• WORK TO COMPLETE: A word-for-word copy of the listing is what's needed; leave out every image.

• DATASET EXCERPT:
:::

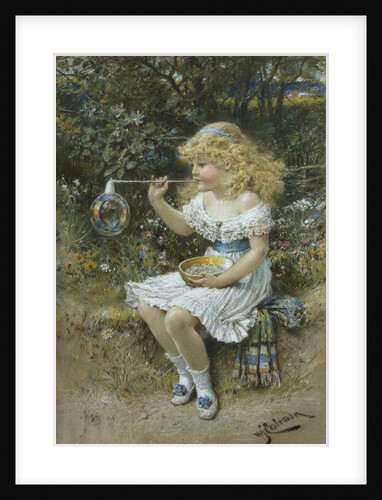 I'm Forever Blowing Bubbles by William Stephen Coleman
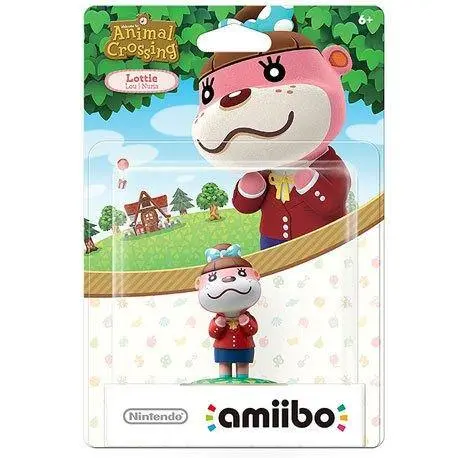 Amiibo For Nintendo Action Figure Lottie (Animal Crossing Series) 1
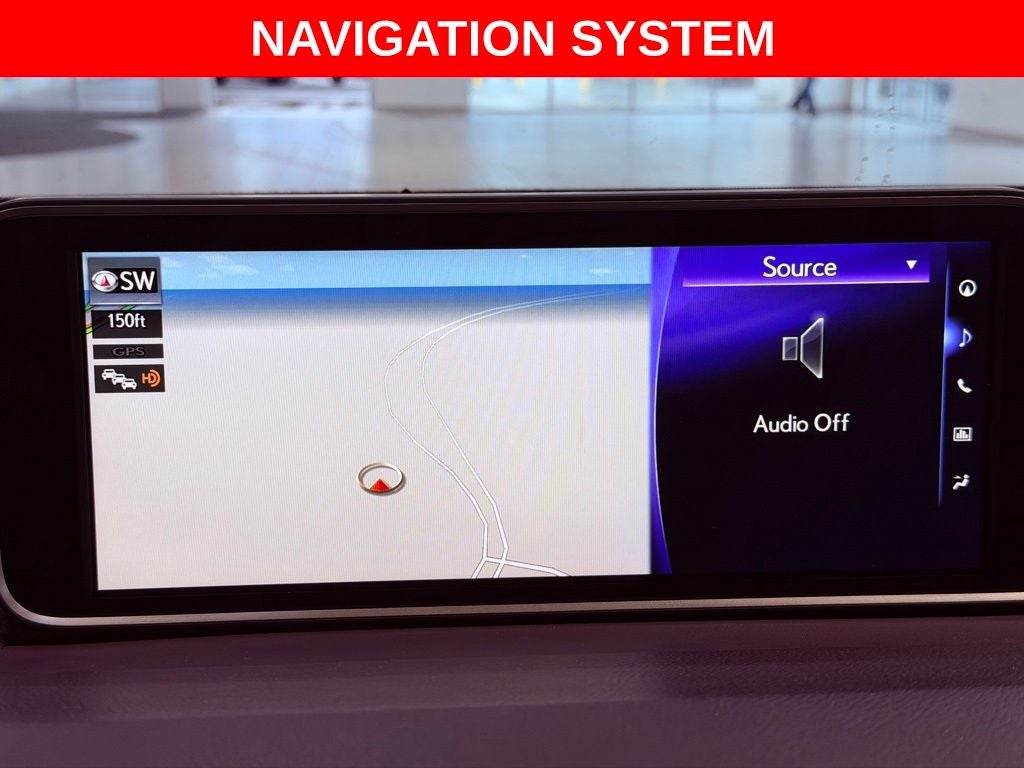 2016 Lexus RX 350 NAV/SMART CRUISE/PARK AST/BLIND SPOT/SAFETY+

:::

• OUTPUT BELOW:
 I'm Forever Blowing Bubbles by William Stephen Coleman
 Amiibo For Nintendo Action Figure Lottie (Animal Crossing Series) 1
 2016 Lexus RX 350 NAV/SMART CRUISE/PARK AST/BLIND SPOT/SAFETY+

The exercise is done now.